Le terme de « tournante » laisse perplexe un certain nombre de femmes et de féministes.

 

Nous avons pris le parti dans cette recherche d’adopter le point de vue des agresseurs pour mieux comprendre le phénomène. Le terme « tournante » existe dans le langage courant, donc il signifie « quelque chose » de particulier. L’usage du mot est significatif d’un état d’esprit qui permet de décrire le phénomène, donc un ensemble de contextes qui créent les conditions d’existence de ce phénomène. Nous entendons par phénomène un type d’action qui met en présence des acteurs, des réseaux, des conduites et des motifs qui poussent les auteurs à agir.
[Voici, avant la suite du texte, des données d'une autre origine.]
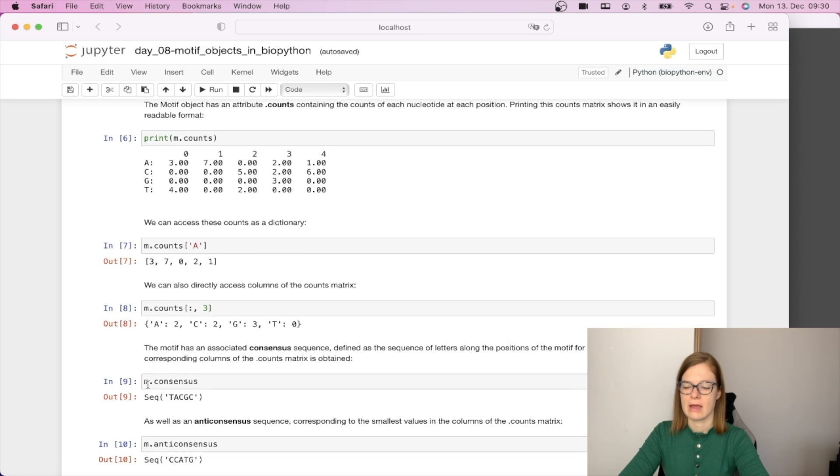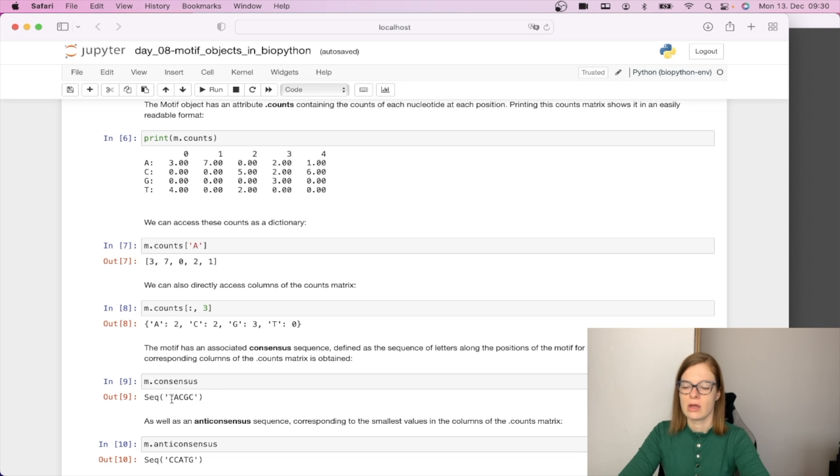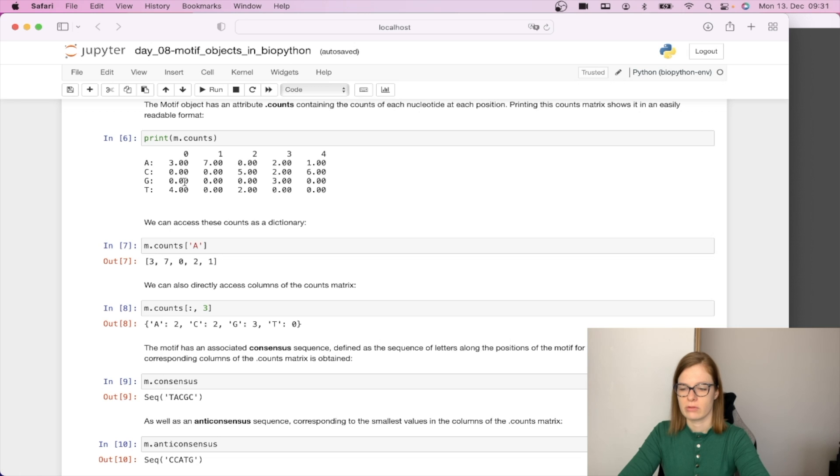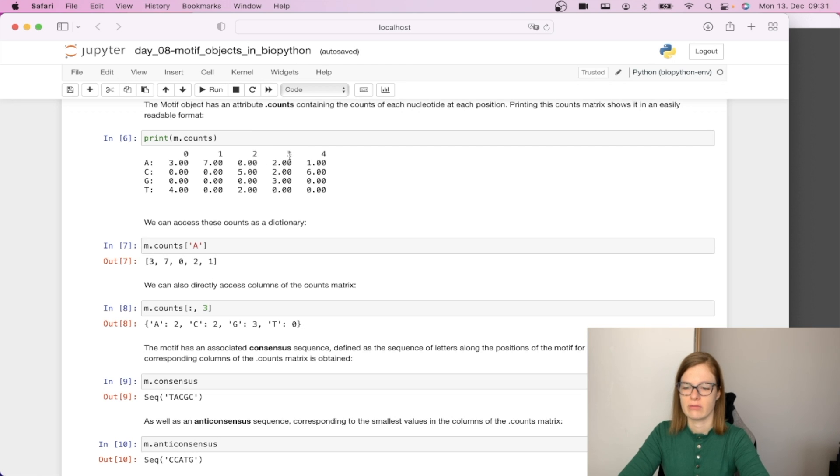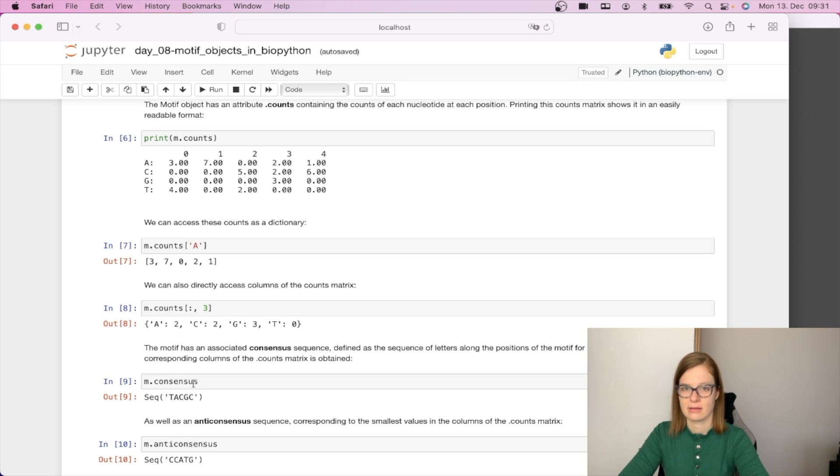By saying m.consensus we get the consensus sequence and this will give us back per position the nucleotide with the highest frequency of occurrences. We see for position one we get T, for position two we get A, position three we get C, position four we get G, and position five we get C and this is exactly our consensus sequence.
On sait que la recherche des raisons qui poussent les auteurs à agir permet de rendre un objet d’étude singulier, donc spécifiquement rattaché à des pratiques propres à un groupe d’acteurs qui ont en commun de partager une certaine vision du monde à un certain moment donné de leur histoire de vie. Il nous appartient de trouver le contexte général auquel le phénomène se rattache et de délimiter le champ d’action qui rend ce phénomène particulier. Le fait de nommer une action et des acteurs est significatif d’une prise de position sur le monde ; le fait de prendre en considération la nomination « tournante » permet de faire un état d’une société.

 

Ce que les auteurs d’une tournante désignent communément par « tournante » est le fait de « faire tourner » une femme entre différentes bandes d’hommes, au gré de leur bon vouloir, comme on fait tourner un joint de façon conviviale entre différents individus invités à un moment festif. Car il s’agit bien, pour les agresseurs, d’un moment de fête au cours duquel une femme devient un objet déshumanisé, une marchandise qui n’appartient plus à personne, un service rendu qui devient le prétexte à se rencontrer, entre hommes, pour une histoire d’hommes. Cet objet s’échange, se prête, se négocie et enfin se rejette. Il redevient personna lorsque la femme décide de sortir du jeu, c’est-à-dire le jour où elle dit non, donc le jour où elle retrouve son identité de femme.

 

Le phénomène de la tournante est complexe : il croise les variables que sont le viol, l’exploitation sexuelle (prostitution et pornographie) et la violence conjugale. Une femme subit physiquement et psychologiquement un viol collectif ; dans le phénomène de la tournante, la violence froide (psychique) est au cœur du dispositif permettant au phénomène même d’exister. La violence psychique faite par un homme à une femme devenue tournante est suffisamment forte pour que la femme accepte de se rendre à des rendez-vous, avec d’autres hommes, alors qu’elle sait pertinemment qu’elle subira des violences sexuelles. Elle n’est pas rémunérée, ni séquestrée mais manipulée à petites doses de façon régulière et calculée. La plus grande forme de manipulation est l’amour, lorsqu’il devient pervers ; la plus grande forme d’acceptation est la peur. Des hommes disent qu’une femme devient tournante parce qu’elle est « facile » et qu’elle « aime ça » ; elle répond que si « elle l’a fait » c’est qu’elle avait confiance, qu’elle ne savait pas et que maintenant elle a peur.

 

On peut considérer que la femme dite tournante est une femme qui a été violée dans la mesure où elle a été forcée par un tiers à adopter un certain type de comportement sexuel, comportement qui se caractérise par le fait d’avoir intégré un réseau dont le premier violeur ou amant (dans le cas d’une situation de non-viol au départ) a été l’initiateur de l’histoire qui a rendu une femme « tournante ».

 

On « est » violé alors qu’on « devient » tournante, cette distinction entre le fait d’avoir subi un acte ponctuel même à répétition et celui d’entrer dans un processus évolutif qui intègre la notion d’exploitation sexuelle (réseau de malfaiteurs, commercialisation du viol) caractérise le phénomène de tournante. Une femme qui est violée peut ne pas être une tournante, une femme dite tournante est une femme qui a été ou est violée.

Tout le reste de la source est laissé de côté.